I think that was actually a bug with the camera. If you tried to constrain its movement to the z-axis while in camera view it would zoom in and out. Now it will follow the axis correctly. You can still have it “zoom” by grabbing the blue arrow in normal mode, but only outside the camera view. I’d prefer to have the old way back. It was much more convienient. Don’t know if you can or not though.
That’s my only gripe with 2.37, for every feature, it has improved my workflow…
nope… G z z does what I am posting about, the incorrect thing.
Using the widget to move along normal actually does the correct thing, but it really is un-workable because A: I hate widgets and B: You can’t do it within the camera.
The nice thing about rotate trackball and zoom in/out was that you could easily place and rotate the camera easily to the view you want… now it seems that is impossible and framing your shots is 10000x more harder and un-workable unless there is a way to change this.
I think I will run both 2.36 and 2.37, use 2.37 for softbody perhaps, and then load everything back into 2.36 for animation, placement and rendering since it seems to be more user-friendly.
edit: sorry if I am sounding un-grateful all you coders, but I am a fan of improving a program without ruining its functionality… is there a reason that you needed to get rid of old trackball rotation(as far as just hitting MMB goes) and this Local Z / Normal camera stuff as the defaults instead of offering an option to somehow disable it?
It seems counter-intuative that I need to run older versions to get better functuality and features(being able to place camera from its own viewpoint is a BIG feature imho)?
I don’t get it. If your camera tracks the empty, Local Z (MMB in camera view) moves it toward or away from the empty, so what’s the problem?
The difference is that 2.37 uses stable motion, not continuous motion like before, so you never overshoot.
As far as rotate trackball goes, just press Rkey twice. MMB is now used for axis constraints is all the transforms that have them, so a big plus for consistency.
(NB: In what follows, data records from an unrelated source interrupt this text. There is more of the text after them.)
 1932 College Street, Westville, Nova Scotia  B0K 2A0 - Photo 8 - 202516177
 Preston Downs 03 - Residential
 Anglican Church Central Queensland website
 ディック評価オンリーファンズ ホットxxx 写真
I think that might be missing from the changelogs though, my bad.
If I duplicate the camera twice so its in the same location with same local Z, then this is what happens:
Moving the camera with WIDGETS by LOCAL Z and NORMAL Z result in a correct movement, they go in and out away from empty and give good results.
However, Moving the camera both in and out of camera view, by either MMB or hitting “G Z Z” for local Z movement, gives incorrect movement that does not appear to be aligned with the actual camera’s local Z.
So what is happening, is that the widget local Z is correct and the “Gzz” local Z is incorrect.